Do general additive-noise SDEs on $\mathbb{R}^d$ have finite, strictly positive, transition probability densities?

Let $b \colon \mathbb{R}^d \to \mathbb{R}^d$ be a bounded measurable function.

Let $\{P_t(x,A): t \geq 0, x \in \mathbb{R}^d, A \in \mathcal{B}(\mathbb{R}^d)\}$ denote the family of transition probabilities associated with the SDE $$dX_t \ = \ b(X_t)dt + dW_t$$ where $(W_t)$ is a $d$-dimensional Wiener process.

Is it necessarily the case that the measure $P_t(x,\cdot)$ is equivalent to the Lebesgue measure on $\mathbb{R}^d$ for all $x \in \mathbb{R}^d$ and $t > 0$? If it is not true in general, does it become true when $b$ is taken to be Lipschitz?

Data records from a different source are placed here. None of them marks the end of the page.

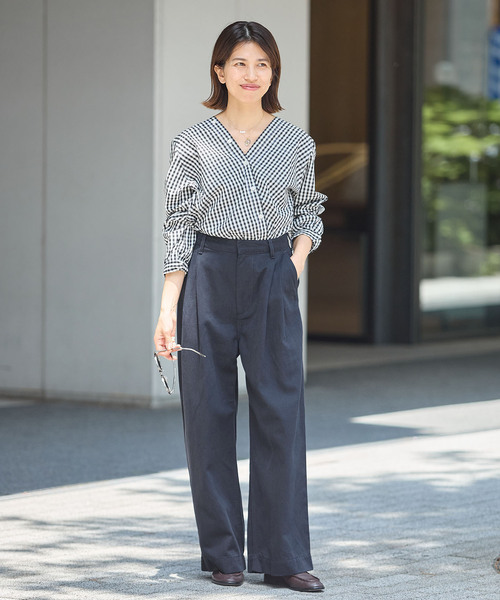 IENA(イエナ)の「BLACK コットンチノパンツ(チノパンツ・レディース・ベージュ/ネイビー・38/34/36)」の3枚目の写真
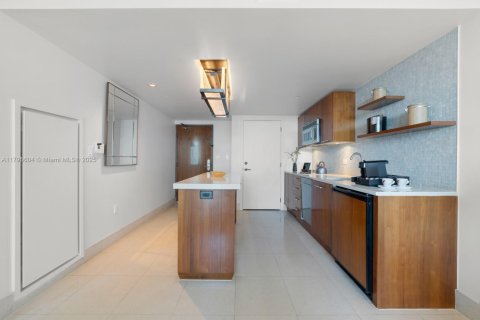 Condominio en venta en Miami Beach, Florida, 1 dormitorio, 61.5 m2 № 1667629 - foto 22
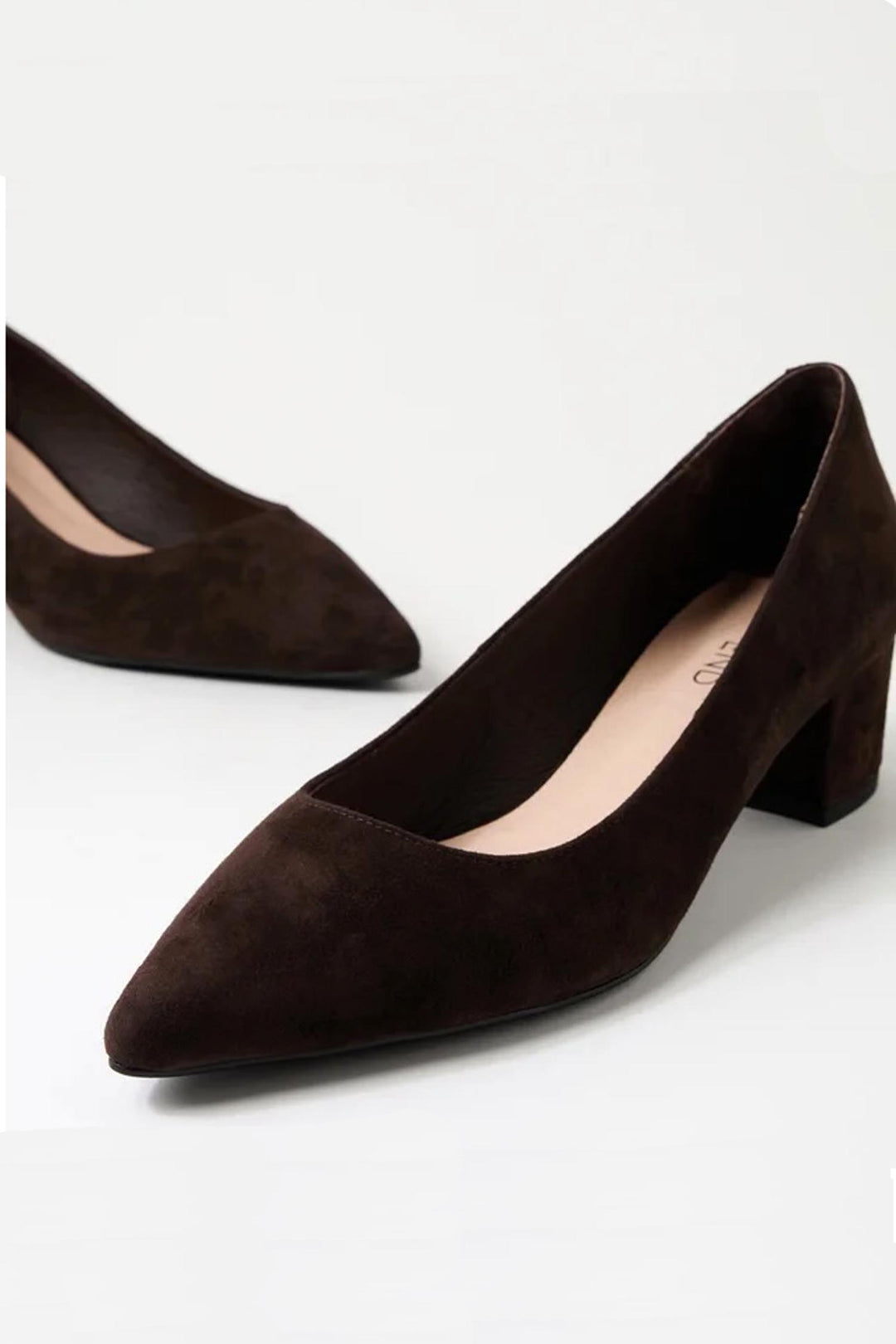 Alger Suede Pump in Chocolate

References would be very much appreciated. Thank you.

Remark: In the case that $d=1$, the absolute continuity of $P_t(x,\cdot)$ covered by the answer to the question Is the distribution of an Ito diffusion at time t absolutely continuous wrt Lebesgue measure?

PS: If the general case that $b$ is a bounded measurable function is not known, I would still very much appreciate an answer for the more specific case that $b$ is Lipschitz! (I suppose the case that $b$ is $C^1$ is covered by Hörmander's theorem, but I don't know if this can be extended to more general Lipschitz $b$.)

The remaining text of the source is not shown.